As for Indium, I have not used it, but it is very common in electronics exsp. for connections between glass or ceramic substrates. It has a very low melting point of around 160C°, so even if it was alloyed together with bismuth and tin you should be able to narrow the search it by finding out the melting point of this alloy.

Btw: Bismuth has a very special smell if molten ( still unsure if that is the metal itself or the flux) It smells good! -To me at least.... :mrgreen:


----------



## solar_plasma (Sep 18, 2014)

g_axelsson said:


> Interesting.... the 2 um AuIn2 in the interface seems to contain quite a lot of gold. It would probably end up alloyed to the indium. I see a weekend filled with fun experiments. :mrgreen:
> 
> Thanks for sharing!
> 
> Göran


 I can't find the text about "2 um AuIn2" and what is meant by "interface" in this context?


----------



## g_axelsson (Sep 18, 2014)

The linked page was removed, had to dig a bit but found it at the wayback machine...
https://web.archive.org/web/20081011142516/http://www.intel.com/technology/itj/2008/v12i1/1-materials/5-solder.htm

With interface I meant the surface soldered to the heat spreader. In the text they talk about TIM = Thermal Interface Material = the indium foil and the plated metals.

Göran


----------



## solar_plasma (Sep 18, 2014)

Thank you, Göran!

I reviewed my collection of CPU's and it seems also other Intel CPU's beside Celeron D and Pentium4 have indium soldered heat spreaders: Intel Core 2 Duo and Pentium D

I don't want to look inside my two i5's, my kids will get those for their PC's.

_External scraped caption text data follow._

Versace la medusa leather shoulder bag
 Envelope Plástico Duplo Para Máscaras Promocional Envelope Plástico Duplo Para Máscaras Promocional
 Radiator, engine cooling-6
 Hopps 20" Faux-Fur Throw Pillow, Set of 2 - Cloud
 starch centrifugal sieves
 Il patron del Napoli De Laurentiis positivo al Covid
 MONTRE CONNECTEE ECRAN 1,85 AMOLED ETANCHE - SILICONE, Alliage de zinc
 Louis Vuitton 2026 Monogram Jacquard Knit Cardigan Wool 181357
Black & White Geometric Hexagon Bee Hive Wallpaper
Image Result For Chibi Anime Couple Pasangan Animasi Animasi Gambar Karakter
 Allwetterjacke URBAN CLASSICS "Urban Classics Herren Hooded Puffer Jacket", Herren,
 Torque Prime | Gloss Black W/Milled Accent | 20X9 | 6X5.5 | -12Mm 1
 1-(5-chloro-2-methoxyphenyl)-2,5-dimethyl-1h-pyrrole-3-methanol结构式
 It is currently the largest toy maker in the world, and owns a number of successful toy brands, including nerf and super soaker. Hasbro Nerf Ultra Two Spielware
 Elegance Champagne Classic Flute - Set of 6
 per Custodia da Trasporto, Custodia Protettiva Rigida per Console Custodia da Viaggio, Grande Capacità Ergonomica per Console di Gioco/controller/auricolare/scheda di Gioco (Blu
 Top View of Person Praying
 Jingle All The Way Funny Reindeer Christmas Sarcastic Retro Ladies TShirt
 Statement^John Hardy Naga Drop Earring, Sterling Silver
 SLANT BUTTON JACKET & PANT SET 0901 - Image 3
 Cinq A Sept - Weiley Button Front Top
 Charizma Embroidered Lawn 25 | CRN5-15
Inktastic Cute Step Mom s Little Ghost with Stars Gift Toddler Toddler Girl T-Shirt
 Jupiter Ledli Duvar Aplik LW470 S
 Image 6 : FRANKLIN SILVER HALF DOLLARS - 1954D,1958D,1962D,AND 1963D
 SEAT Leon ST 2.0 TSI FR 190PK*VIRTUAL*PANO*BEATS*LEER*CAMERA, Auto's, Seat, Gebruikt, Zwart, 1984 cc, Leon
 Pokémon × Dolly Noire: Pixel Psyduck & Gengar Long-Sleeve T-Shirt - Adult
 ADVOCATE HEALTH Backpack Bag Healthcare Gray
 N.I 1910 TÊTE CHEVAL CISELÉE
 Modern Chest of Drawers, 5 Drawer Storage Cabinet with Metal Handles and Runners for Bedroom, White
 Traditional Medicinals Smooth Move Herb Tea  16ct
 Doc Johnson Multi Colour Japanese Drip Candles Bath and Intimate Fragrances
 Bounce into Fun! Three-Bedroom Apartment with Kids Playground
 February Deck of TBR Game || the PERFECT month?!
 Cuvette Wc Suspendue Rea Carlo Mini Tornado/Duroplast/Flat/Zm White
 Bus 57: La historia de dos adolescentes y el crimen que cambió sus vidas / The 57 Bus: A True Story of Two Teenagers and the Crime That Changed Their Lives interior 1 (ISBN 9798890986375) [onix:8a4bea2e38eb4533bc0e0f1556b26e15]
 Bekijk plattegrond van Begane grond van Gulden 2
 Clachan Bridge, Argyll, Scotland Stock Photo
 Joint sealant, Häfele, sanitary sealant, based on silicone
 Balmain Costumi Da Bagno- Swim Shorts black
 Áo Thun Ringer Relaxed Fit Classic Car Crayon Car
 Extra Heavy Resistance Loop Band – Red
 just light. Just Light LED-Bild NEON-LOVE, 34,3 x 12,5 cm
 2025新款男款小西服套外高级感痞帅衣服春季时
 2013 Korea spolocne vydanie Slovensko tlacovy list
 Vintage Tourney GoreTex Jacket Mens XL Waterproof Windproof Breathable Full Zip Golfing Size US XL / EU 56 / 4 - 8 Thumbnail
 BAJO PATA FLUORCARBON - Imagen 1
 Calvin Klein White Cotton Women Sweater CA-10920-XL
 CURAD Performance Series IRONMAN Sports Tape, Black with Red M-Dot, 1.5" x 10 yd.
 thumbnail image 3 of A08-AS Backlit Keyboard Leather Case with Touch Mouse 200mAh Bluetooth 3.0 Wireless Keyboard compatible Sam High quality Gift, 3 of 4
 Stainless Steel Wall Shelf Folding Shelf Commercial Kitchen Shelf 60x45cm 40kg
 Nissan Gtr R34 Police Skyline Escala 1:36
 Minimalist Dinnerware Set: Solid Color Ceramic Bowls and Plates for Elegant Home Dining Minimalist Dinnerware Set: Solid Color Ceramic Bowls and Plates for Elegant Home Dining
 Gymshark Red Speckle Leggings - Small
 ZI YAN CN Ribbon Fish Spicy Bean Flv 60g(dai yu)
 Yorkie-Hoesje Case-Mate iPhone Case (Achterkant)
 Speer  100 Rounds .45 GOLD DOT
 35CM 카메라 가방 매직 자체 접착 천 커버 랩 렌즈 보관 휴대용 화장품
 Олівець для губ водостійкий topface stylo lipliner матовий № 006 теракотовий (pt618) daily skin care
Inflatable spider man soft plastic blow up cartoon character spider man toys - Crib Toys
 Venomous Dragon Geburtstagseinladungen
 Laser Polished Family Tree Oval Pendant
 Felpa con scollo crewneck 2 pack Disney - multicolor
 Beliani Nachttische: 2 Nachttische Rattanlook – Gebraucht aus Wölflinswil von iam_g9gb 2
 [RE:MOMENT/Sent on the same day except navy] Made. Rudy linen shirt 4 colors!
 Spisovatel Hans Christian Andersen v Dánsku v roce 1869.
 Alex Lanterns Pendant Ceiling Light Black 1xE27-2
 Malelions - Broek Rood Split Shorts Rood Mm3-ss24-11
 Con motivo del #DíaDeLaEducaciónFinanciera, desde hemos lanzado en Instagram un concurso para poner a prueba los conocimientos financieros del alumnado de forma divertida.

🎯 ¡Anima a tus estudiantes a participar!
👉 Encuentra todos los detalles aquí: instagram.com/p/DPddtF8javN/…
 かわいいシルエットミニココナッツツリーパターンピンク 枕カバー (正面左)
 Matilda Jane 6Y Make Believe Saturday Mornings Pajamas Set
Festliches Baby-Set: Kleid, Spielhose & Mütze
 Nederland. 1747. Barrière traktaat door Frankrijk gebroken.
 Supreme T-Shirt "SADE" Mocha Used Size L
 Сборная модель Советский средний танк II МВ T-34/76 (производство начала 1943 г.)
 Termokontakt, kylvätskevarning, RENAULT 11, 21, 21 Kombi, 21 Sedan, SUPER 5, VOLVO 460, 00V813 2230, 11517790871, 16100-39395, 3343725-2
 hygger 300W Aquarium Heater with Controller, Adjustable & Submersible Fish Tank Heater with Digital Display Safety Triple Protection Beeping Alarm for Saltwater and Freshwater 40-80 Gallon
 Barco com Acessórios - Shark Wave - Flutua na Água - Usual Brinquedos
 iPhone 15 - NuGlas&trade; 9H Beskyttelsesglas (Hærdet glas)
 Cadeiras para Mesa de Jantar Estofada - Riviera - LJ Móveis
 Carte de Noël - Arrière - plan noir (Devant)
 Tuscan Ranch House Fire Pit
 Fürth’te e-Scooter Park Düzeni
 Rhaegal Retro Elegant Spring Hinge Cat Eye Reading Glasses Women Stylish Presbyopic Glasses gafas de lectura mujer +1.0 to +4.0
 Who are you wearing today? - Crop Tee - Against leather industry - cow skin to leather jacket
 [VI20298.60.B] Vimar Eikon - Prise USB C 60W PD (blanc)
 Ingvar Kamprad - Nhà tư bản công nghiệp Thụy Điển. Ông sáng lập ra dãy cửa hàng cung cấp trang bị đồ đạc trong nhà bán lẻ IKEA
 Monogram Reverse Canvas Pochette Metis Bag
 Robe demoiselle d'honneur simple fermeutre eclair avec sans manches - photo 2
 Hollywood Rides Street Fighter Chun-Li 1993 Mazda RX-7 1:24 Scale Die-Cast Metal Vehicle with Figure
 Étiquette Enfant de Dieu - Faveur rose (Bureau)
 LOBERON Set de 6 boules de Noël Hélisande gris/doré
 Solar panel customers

Funny things you can collect, when people know you love that old sh.. :shock: ...stuff :mrgreen:


----------



## GoogleAdmin (Nov 17, 2021)

IT ISNT PURE INDIUM, it is 10 to 20% indium, than tin and other metals


----------



## silversaddle1 (Nov 17, 2021)

Has anyone even bothered to try to recover the gold on the bottom of the lids? Seem like a lot more work than worth.


----------



## cejohnsonsr1 (Nov 18, 2021)

It is. There's just not enough gold in newer escrap to justify the cost of processing unless you're working on an industrial scale.


----------